Une vision à long terme

Au-delà des chiffres annoncés, la ZES d’Adzopé incarne la ferme intention de la Côte d’Ivoire de sortir du schéma traditionnel exportateur de matières premières. En attirant des industries transformatrices, le pays espère capter davantage de valeur ajoutée et réduire sa vulnérabilité aux chocs des cours mondiaux. Le timing du projet, en milieu d’année 2026, intervient alors que les échanges régionaux se dynamisent sous l’impulsion de la ZLECAf, offrant un marché élargi aux productions ivoiriennes.
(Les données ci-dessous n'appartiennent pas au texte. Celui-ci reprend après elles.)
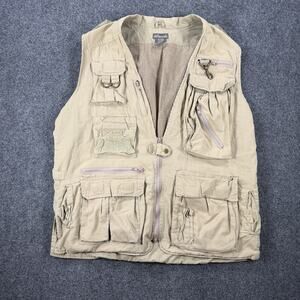 Promaster Utility Fishing Vest Mens Medium Khaki Multi Pocket Outdoor Travel
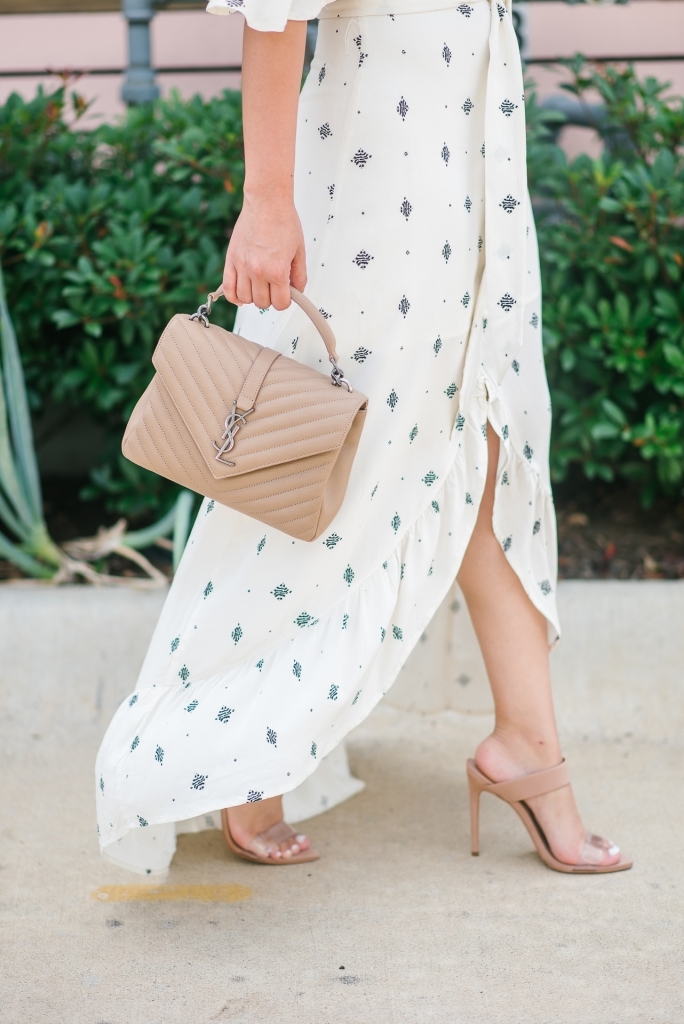 Must Have Cute Maxi Dresses for Summer featured by top US fashion blog, LuxMommy: image of a woman wearing a Lira Clothing maxi dress, Steve Madden heels, Quay Australia sunglasses, David Yurman earrings, Michele watch, Stella & Dot spike bracelet, and an Yves Saint Laurent College medium matelasse.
La ZES d’Adzopé illustre une tendance lourde en Afrique de l’Ouest : la course à l’industrialisation par les zones franches. Cette compétition, si elle est bien menée, peut stimuler l’emploi et l’intégration régionale, mais elle pose aussi la question de la soutenabilité sociale et environnementale des modèles. Dans un contexte où le Ghana se réajuste et où le Sénégal accélère, la Côte d’Ivoire joue une carte décisive pour son avenir économique.